PROBLEM REQUIREMENTS.
For each entry, output its words exactly and leave any picture behind.

[Stored data entries]

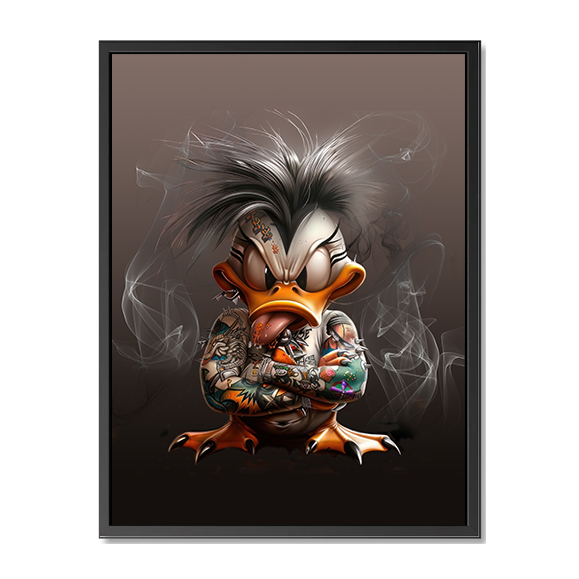 Tableau pop art - Tattoo Duck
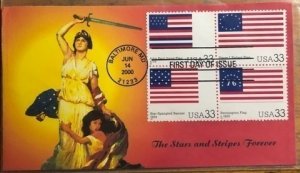 Scott 3403a-d, f-t Historic Flag Set of 20 Heritage Cachet First Day Covers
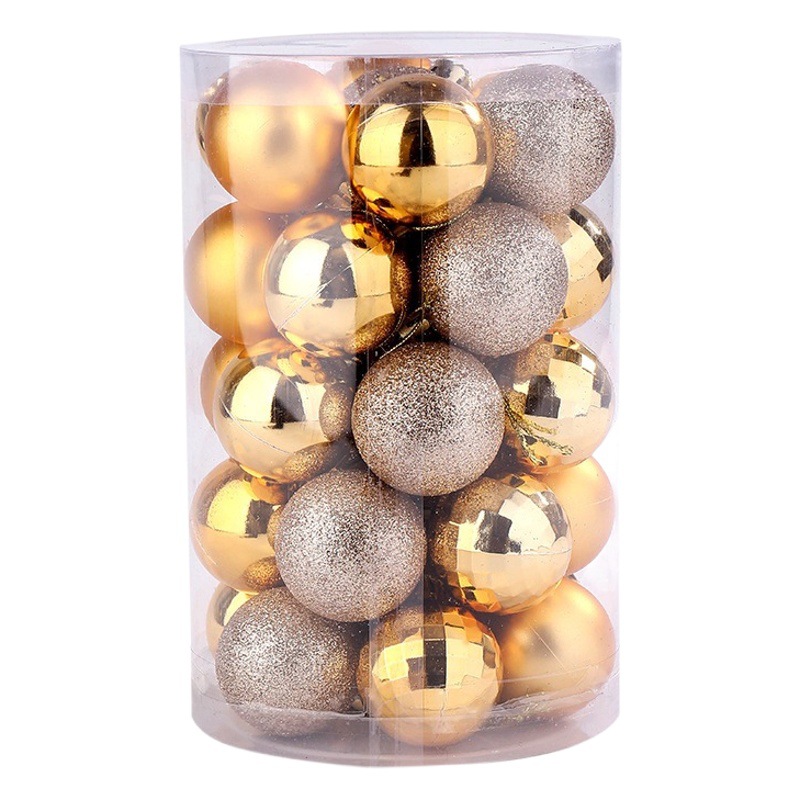 Amazon 34 bolas de Navidad traje 4cm Decoraciones de Navidad árbol de Navidad bolas decorativas bolas de forma especial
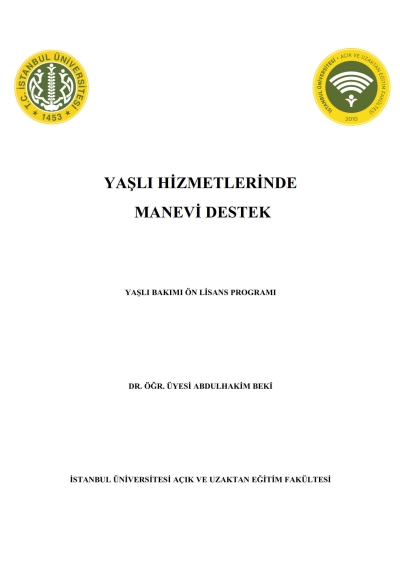 Yaşlı Hizmetlerinde Manevi Destek Fotokopi GO - Tüm Sınavlarda Daha İleriye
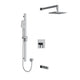 Riobel Paradox 3-Way Shower System: Hand Shower Rail, Shower Head and Tub Spout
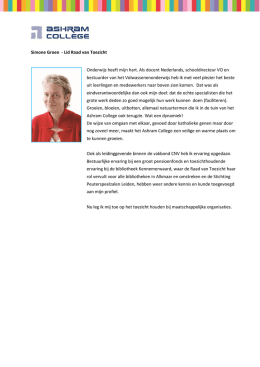 Simone Groen - Lid Raad van Toezicht Onderwijs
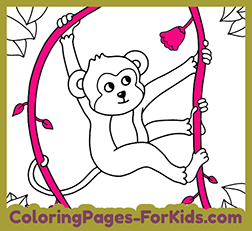 Free monkey drawing for toddlers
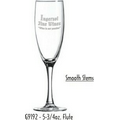 5 3/4 Oz. Nuance Flute Glass with Smooth Stem (Screen Printed)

RESULT OF THE EXERCISE.
 Tableau pop art - Tattoo Duck
 Scott 3403a-d, f-t Historic Flag Set of 20 Heritage Cachet First Day Covers
 Amazon 34 bolas de Navidad traje 4cm Decoraciones de Navidad árbol de Navidad bolas decorativas bolas de forma especial
 Yaşlı Hizmetlerinde Manevi Destek Fotokopi GO - Tüm Sınavlarda Daha İleriye
 Riobel Paradox 3-Way Shower System: Hand Shower Rail, Shower Head and Tub Spout
 Simone Groen - Lid Raad van Toezicht Onderwijs
 Free monkey drawing for toddlers
 5 3/4 Oz. Nuance Flute Glass with Smooth Stem (Screen Printed)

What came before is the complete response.